Stopping Deportation
As discussed in our June article Entry Clearance at the UK Border, the UK border control process can be brutal and unforgiving. In this article, we share a recent success story involving a client who faced imminent deportation.
A Recent Case Success
To maintain confidentiality, we will refer to our client as “C”. C approached us regarding their partner, “R”, who had been detained and was facing imminent removal from the UK on 15 July 2025.
R had travelled from Brazil to the UK on a Standard Visitor Visa in 2023, valid for six months. An application was later made under the EU Settlement Scheme, but it was unfortunately refused.
After the visa expired in late 2023, R claimed asylum due to a legitimate fear of persecution in Brazil. However, his claim was also refused. The Home Office concluded that the threats he faced from criminal gangs lacked credibility, that he had not established a well-founded fear of persecution, and that he had not shown he was unable to access effective state protection or safely relocate within Brazil. Additionally, the delay in submitting his asylum claim was cited as a factor undermining his credibility.
More recently, the Home Office decided to detain R and deport him to Brazil. The decision was based on several grounds: that R did not fulfil the definition of a partner under FEN 1.2; that there was insufficient evidence of a genuine and subsisting relationship with C; that the couple had not lived together in the UK; that R was in breach of immigration rules; and that there were no significant obstacles preventing his return to Brazil. Furthermore, it was not accepted that Article 3 ECHR considerations applied to R’s case in light of his mental health struggles, including depression and anxiety.
Upon receiving instructions from C, we promptly initiated Judicial Review proceedings to challenge two key decisions: the refusal of R’s asylum application in May 2025 and the subsequent decision to detain and remove him in July 2025.
Our Judicial Review (JR) claim challenged the May decision on the basis that it failed to adequately consider R’s private life and was invalidated by an unlawful failure of effective service. We argued that the July decision breached the Immigration (Notices) Regulations 2003, violated principles of procedural fairness, and infringed upon R’s Article 8 ECHR rights to respect for private life, as well as common law public law principles.

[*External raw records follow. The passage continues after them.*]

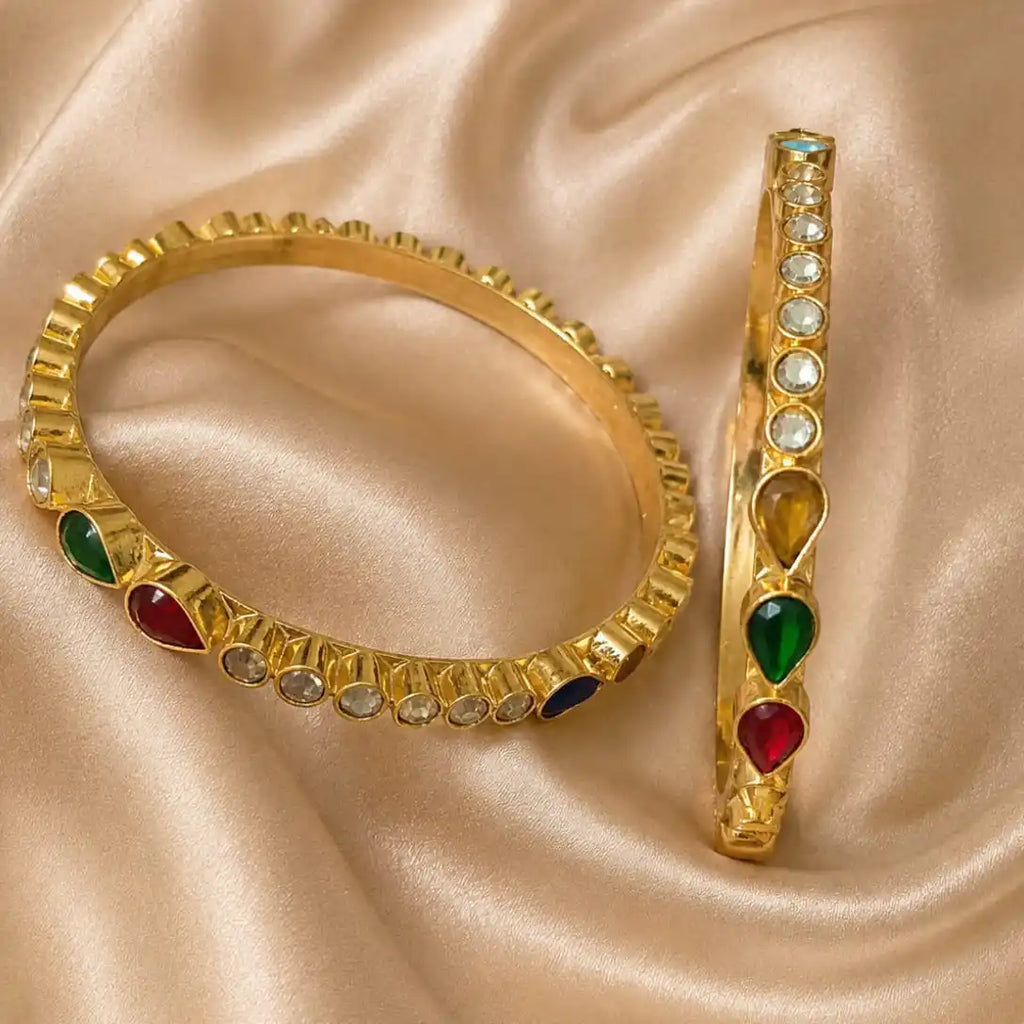 Real Kundan Multi Stones 12 Bangles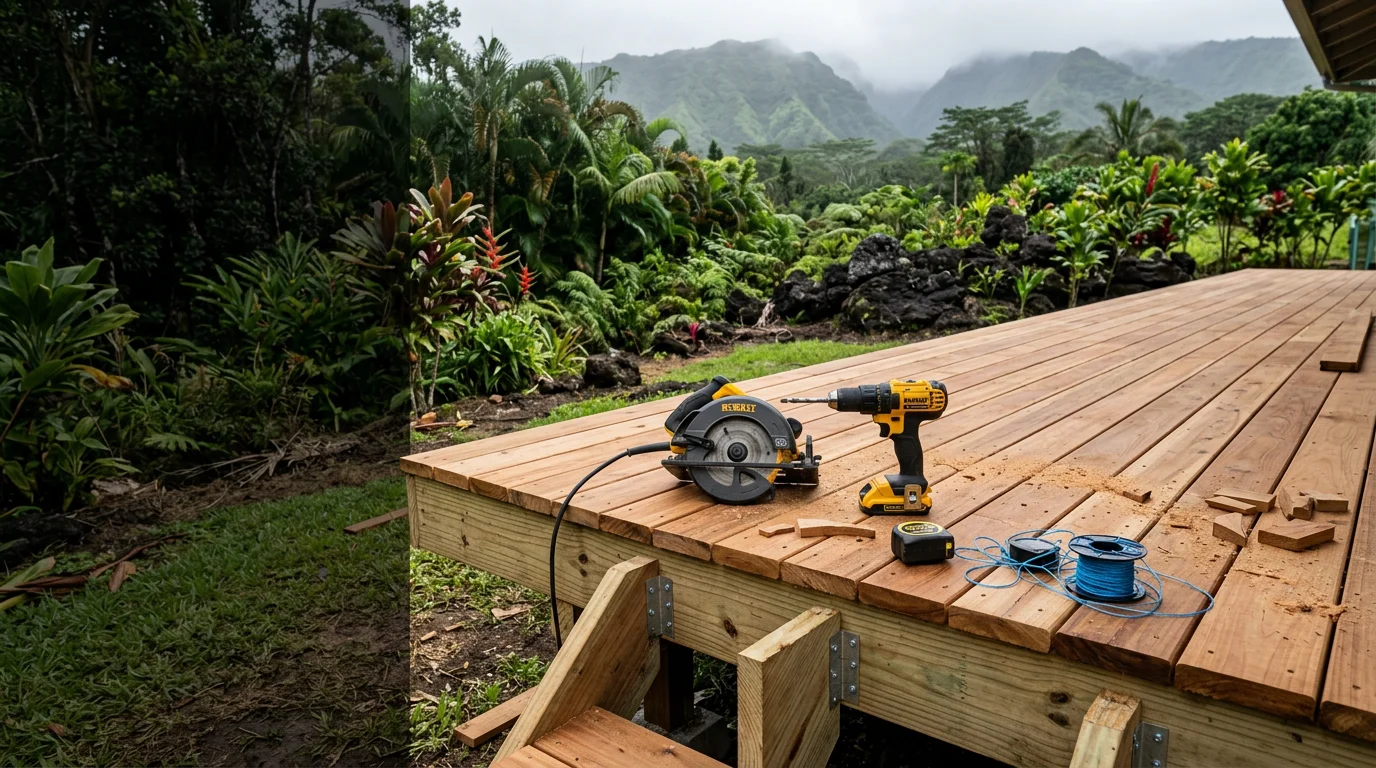 A newly built wooden deck attached to a single-family home in Keaau, Hawaii, surrounded by lush tropical vegetation. The deck features clean framing, secure railings, and a level surface suited to the Big Island's humid climate.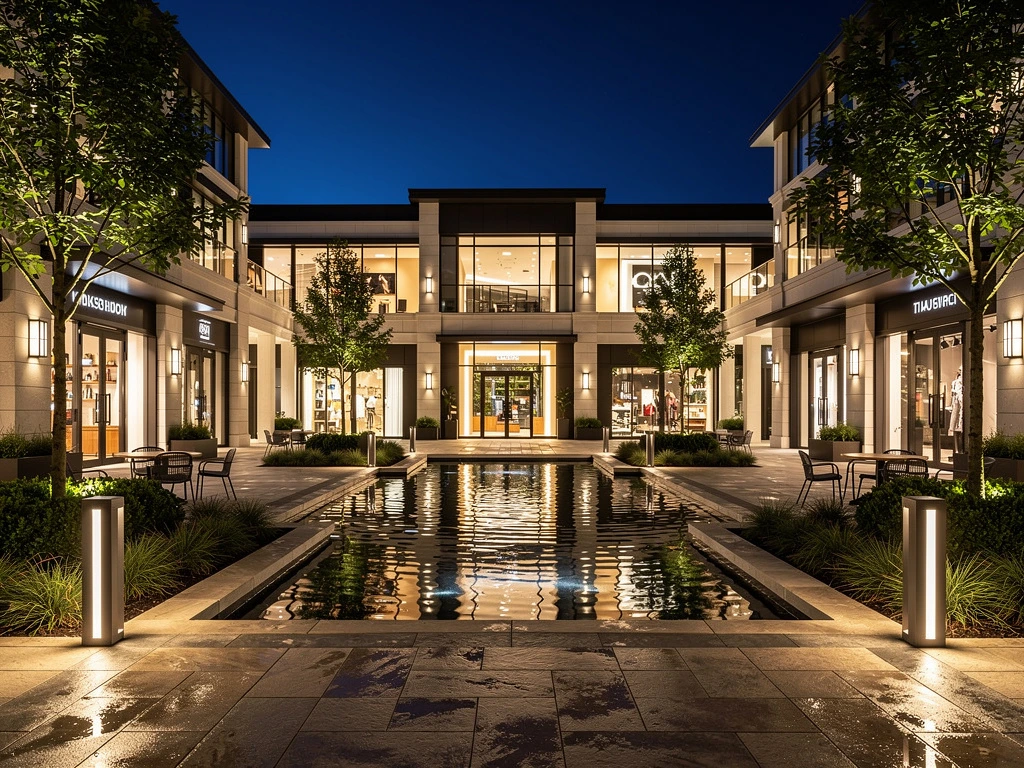 Commercial fountain with underwater LED lighting at night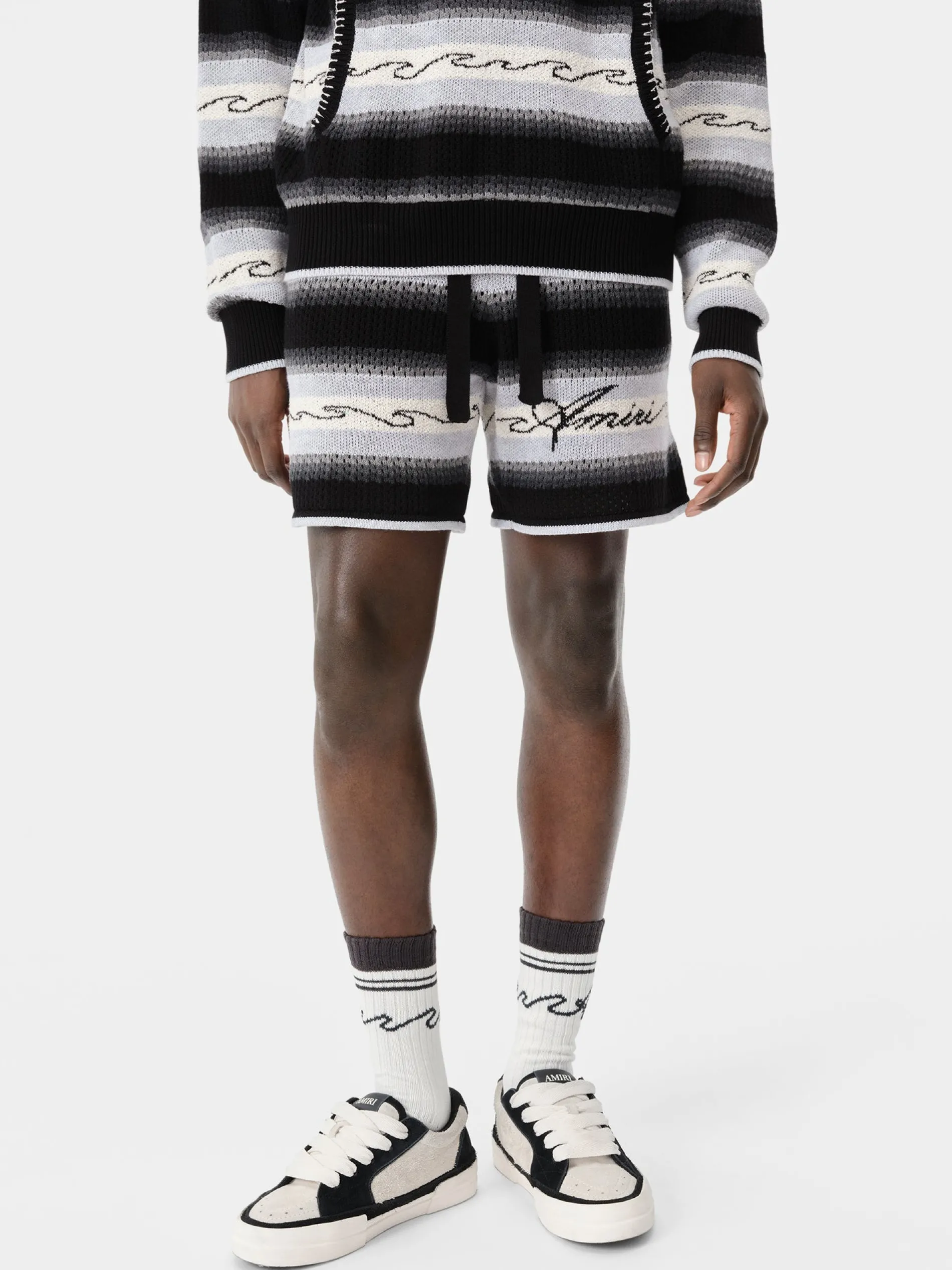 AMIRI Knitwear|Shorts & Sweatpants<WAVE BAJA STRIPE SHORT BLACK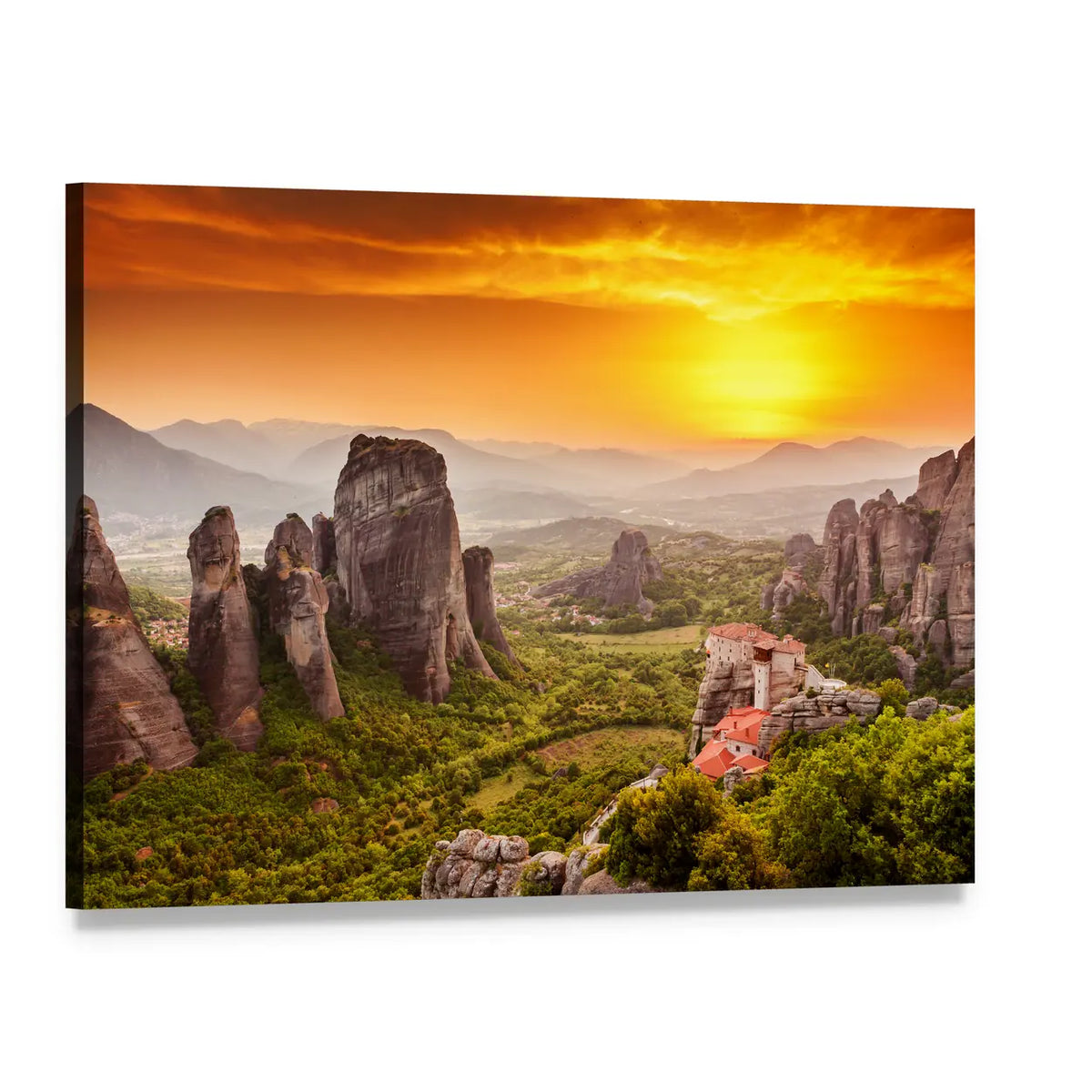 Rousanou Monastery at Golden Sunset Canvas Wall Art, single panel gallery wrapped canvas, angled product view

A central issue in the case was proving that R and C had been in a genuine and subsisting relationship akin to marriage, and had been living together since January 2024. We submitted extensive evidence to the court, including a joint tenancy agreement, shared financial responsibilities, and letters of support from third parties attesting to the nature of their relationship.
Thanks to swift and strategic legal action, we successfully halted R’s deportation—just as he was due to board the flight that would have returned him to a country where he fears persecution and serious harm.
Given the often-lengthy nature of Judicial Review proceedings, we were confident that R would be granted bail, as it would be unreasonable for him to remain in detention throughout the process. He has since been released on BAIL 201 for the duration of the JR. We remain committed to representing R as he seeks to resolve his immigration status and reunite with his partner outside of detention.
C expressed his appreciation for the work we did on the case, saying:
“I had the most amazing service provided by Sashi and Brigesa…very professional and efficient, we had to deal with Immigration and Deportation issues and it was very successful”.
This case was handled by Brigesa Ujkaj, under the supervision of Sashi Pararajasingam.